_INPUT DATA_
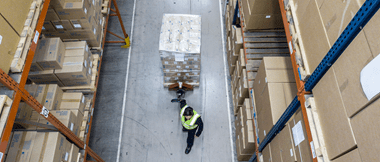 Un employé d'entrepôt tire un chariot d'appareils Brother emballés et étiquetés dans un entrepôt, prêts à être transportés.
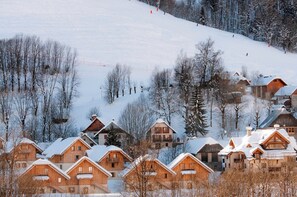 A snowy village with wooden houses, a ski slope, and a clear sky. - Proche des pistes | Piscine int/ext | Duplex (Saint-Colomban-des-Villards)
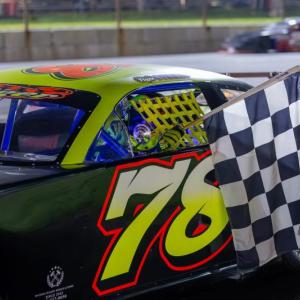 Tiger Colby collects the checkered flag after winning the Late Model 75 at Wiscasset Speedway. Jasen Dickey Photography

_EXERCISE REQUIREMENTS_
In the reply, every line of the material above is to be reproduced verbatim, and the images are to be left out.

_TASK RESULT_
 Un employé d'entrepôt tire un chariot d'appareils Brother emballés et étiquetés dans un entrepôt, prêts à être transportés.
 A snowy village with wooden houses, a ski slope, and a clear sky. - Proche des pistes | Piscine int/ext | Duplex (Saint-Colomban-des-Villards)
 Tiger Colby collects the checkered flag after winning the Late Model 75 at Wiscasset Speedway. Jasen Dickey Photography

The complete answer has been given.